Tell us a story

When Labor marched to defeat in 2001, it is thought that more than half of the paid-up members of the party voted for the Greens, primarily at disgust at Kim Beazley’s shameful, if pragmatic, moral capitulation over refugees. At the 2004 election, the Labor primary vote increased by 0.3 per cent, to 38 per cent, one of the lowest of all time. The Green vote, at 6.9 per cent nationally, increased by about 2 per cent. The greater proportion of these increases came from the collapse of the Democrat vote (down 4.2 per cent to 1.2 per cent), since Labor’s vote, in two-party preferred terms, fell by 2.1 per cent. It does look quite unlikely that any of the Labor supporters who deserted their party in disgust to vote Green in 2001 found their way clear to return their first preference vote to the party.

For those who see politics in two-dimensional terms, the problem Labor has is not in recruiting support from its left, but from the centre. The primary aspect of Labor’s debacle, indeed, is that it was even less successful in filling the centre than last time, and is now a four per cent—two terms if it is lucky—swing away from regaining government.

Labor’s willingness to let as much as five per cent of its core vote go, by default, to the Greens, is at the centre of its disaster. Those core voters represent a big proportion of the old idealistic core of the party—those invested with notions that political Labor is something of a crusade—about better conditions for the workers, looking after others, extending human rights, and the organised power of people to make a difference in people’s lives. The sort of people who feel that supporting the party is a sort of crusade, and a positive duty of citizenship. People with passion, and not only passion to share the spoils of office.

By no means necessarily old-style trade union members, or the sort of people whose power in the party stems from their control of the votes that trade unions automatically accrue to themselves by affiliation with the party. The real people who represent an ever-declining, ever unreformed and ever less representative slice of the Australian workforce, now facing further assaults from the re-elected Howard Government. It is not the party machines which have deserted Labor, but the branch membership. The sort of people focused on issues such as Aborigines, or multiculturalism, or feminism rather than the bread-and-butter issues of more money in the battlers’ pocket.

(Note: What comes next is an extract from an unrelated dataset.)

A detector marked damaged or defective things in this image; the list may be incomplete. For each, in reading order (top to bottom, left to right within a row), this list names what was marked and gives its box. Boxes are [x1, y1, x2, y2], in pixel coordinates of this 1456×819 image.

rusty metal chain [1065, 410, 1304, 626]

Alas those now left in the party—all the more influential  for the desertion of the dreamers—are those who know all about the real aspirations of the middle ground. The ones who thought that a Labor campaign crafted on Medicare give-aways, education give-aways (with carefully focused class warfare thrown in), tax giveaways, child care giveaways and welfare restructure giveaways could compete in an auction against John Howard’s giveaways. And who think, in their hard of hearts (though, in the humility forced by defeat they cannot really say it) that John Howard ‘stole’ this election from them in just the same way as he did the last election, this time by a scare campaign on interest rates. By this theory, the electorate was conned, and the voters were stupid.

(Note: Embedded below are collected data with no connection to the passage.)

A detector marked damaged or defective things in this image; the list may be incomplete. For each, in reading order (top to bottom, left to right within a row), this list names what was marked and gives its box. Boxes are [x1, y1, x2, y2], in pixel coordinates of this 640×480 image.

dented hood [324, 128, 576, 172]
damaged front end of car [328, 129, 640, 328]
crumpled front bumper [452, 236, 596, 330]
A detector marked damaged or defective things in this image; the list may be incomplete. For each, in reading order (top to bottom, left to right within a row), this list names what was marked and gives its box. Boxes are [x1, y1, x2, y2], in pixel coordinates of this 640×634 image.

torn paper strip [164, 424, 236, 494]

The evidence suggests that not one of the campaign promises—apart from Labor’s forest promises in Tasmania—moved a single voter. If some greybeard voted Labor because he was offered free quick hospital care for a hip replacement, another (probably of similar age) voted against him on the same grounds. Labor lost the election on the ground defined by Howard from the start: trust. It was not trust in Howard’s word—a somewhat debased article—but trust in Coalition financial management and mistrust of Labor’s economic credentials. It was not a ground on which Latham fought; he lost by default.

He did not campaign on Howard’s credibility, on Iraq, on the war against terror, on US-Australian relations, or on Australia’s international image. Nor on better welfare policies, on Aborigines, on refugees, on human dignity or on human rights. No fundamental reform of any of Australia’s chronic problems, least of all the infrastructure of health care, education or transport and communications.

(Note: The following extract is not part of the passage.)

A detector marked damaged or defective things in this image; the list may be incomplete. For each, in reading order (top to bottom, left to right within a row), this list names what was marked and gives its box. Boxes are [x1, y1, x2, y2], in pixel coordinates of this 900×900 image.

Just more money. Howard obliged by not raising these issues either.

In adopting the image of the aspirational battler, himself with a mortgage and young family made good, Mark Latham oozed no sympathy for the underclasses: he reflected the contempt that the ‘haves’ hold for the ‘have-nots’: the idea that their disadvantage is their own fault, their lack of initiative,  lack of ambition and failure to climb the ladder of opportunity. Splendid tactic. Splendid result.

The man who had promised to be himself, allowed himself to be turned, by the party’s ‘professionals’, into a small target drone. He campaigned well. Yet he lost votes steadily through the campaign. Two of the party’s most professional campaign apparatchiks—Stephen Smith and Wayne Swan—were there to keep him on-message and to feed in the focus-group nonsense for the day. In keeping with Labor’s suicide drive, each is likely to be rewarded by having more senior positions on the front bench.

Was it ever winnable? The opinion polls showed Labor ahead over much of the past year. If Labor secretly thought the election unwinnable, John Howard campaigned at all times as if he feared he would lose it. But he must have blessed himself at the way in which Labor never sought to inspire, to light a beacon or to tell Australians a story about themselves they wanted to hear.   

Jack Waterford is editor-in-chief of the Canberra Times.